The Alliance was her life. The first good thing that had happened to her since her parents had died. And it was being taken from her. She wouldn't let herself be hurt again. That door would never open again.

She stood up and straightened her shoulders, running a hand through her hair. She turned, thinking maybe she should go get a sandwich, she was kind of hungry. She spotted Jones talking with someone at the end of the hall and moved toward them. She was fairly certain she owed Aimee a lunch or three.

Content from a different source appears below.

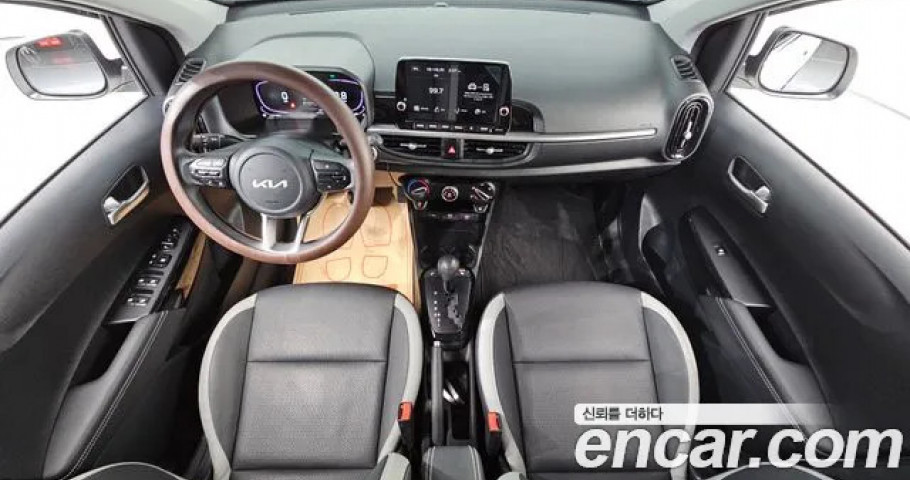 Kia Morning (Picanto) 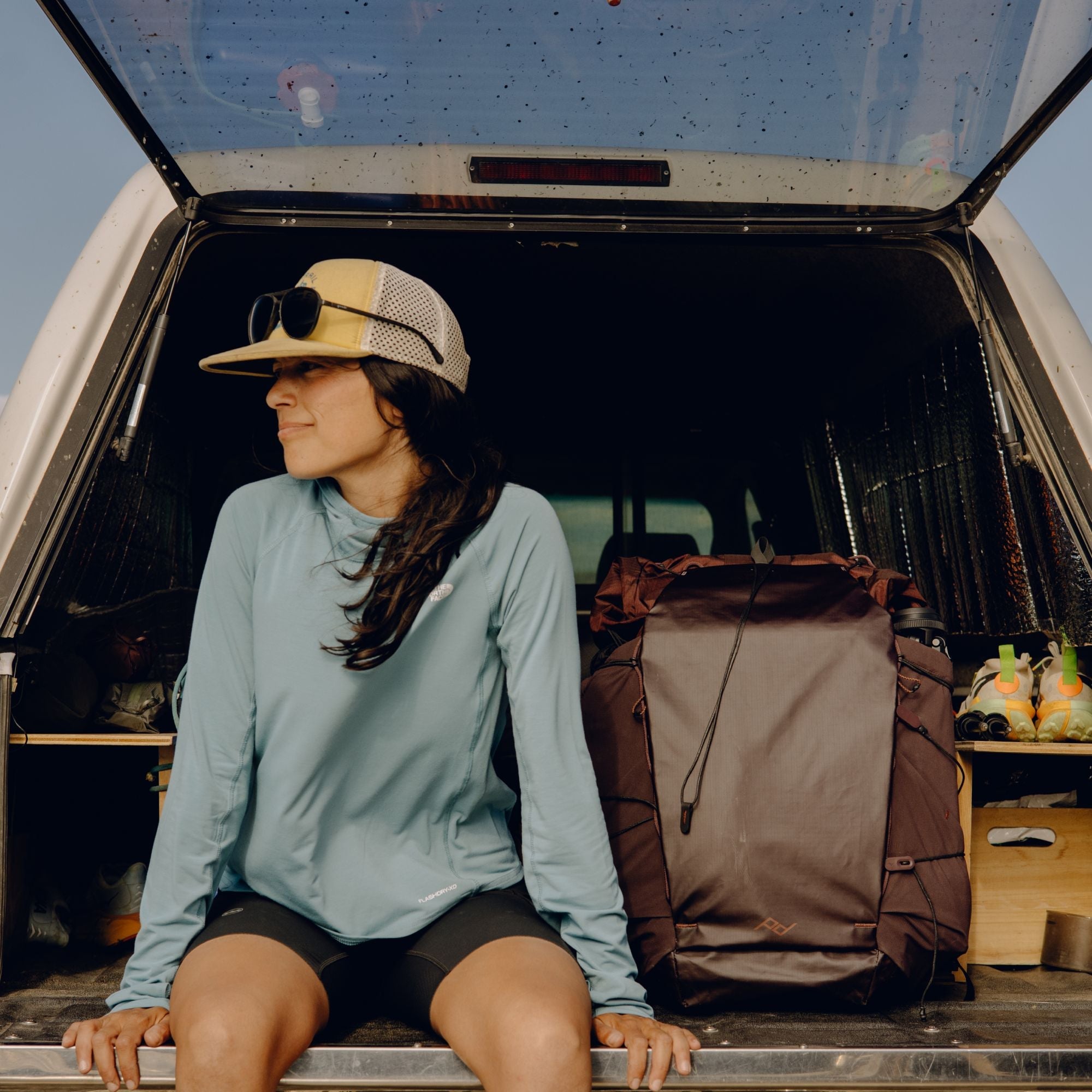 Outdoor Backpack 45L - Storming Gravity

"It's the Butcher of Torfan," a whisper came as she grew closer. There were perhaps a half dozen people behind Jones and the woman she was talking with. They had all stopped speaking when she grew close, and only that name echoed through the halls. The Butcher of Torfan. She'd first heard it the day before on an ANN broadcast. She'd watched, her hands shaking. She felt nothing hearing the name now.

"Jones," she called, ignoring the stares, "I was thinking of grabbing a bite. I'll buy."

Jones stared at her, her jaw dropping. She shook her head slowly, her face contorting in disgust. Before she could answer, though, a woman approached from the far end of the hall. She moved with the deadly grave of a high ranking spec ops officer.

"Lieutenant Shepard?" she asked. Lillith nodded, looking for any sign of rank of the woman's uniform. There was none. Spec Ops certainly then.

"I'm Lieutenant Riley, I'm to accompany you back to Earth."

Jones' face slipped from one of disgust, to one of sympathy. They were placing her under arrest then. That was too bad. She wondered what she would do with herself, afterward. She wondered if they'd still let her work with tech while in prison. She'd like that, she thought.

"Of course Lieutenant. Should we leave now?"

The woman nodded and half turned to let Shepard walk in front of her. "Admiral Hackett wants you in Brazil by Friday."

Lillith glanced at Riley out of the corner of her eye, "Brazil? Headquarters is in Canada, isn't it?"

Riley chuckled, as if it were a joke, "Well, yeah. But you're not going get through N5 training listening to a bunch of stuffed shirts argue with Parliament."

Lillith thought she should be happy. They weren't arresting her, they were, after a fashion, promoting her.

She shrugged.

"Do we have time to grab lunch before we go?"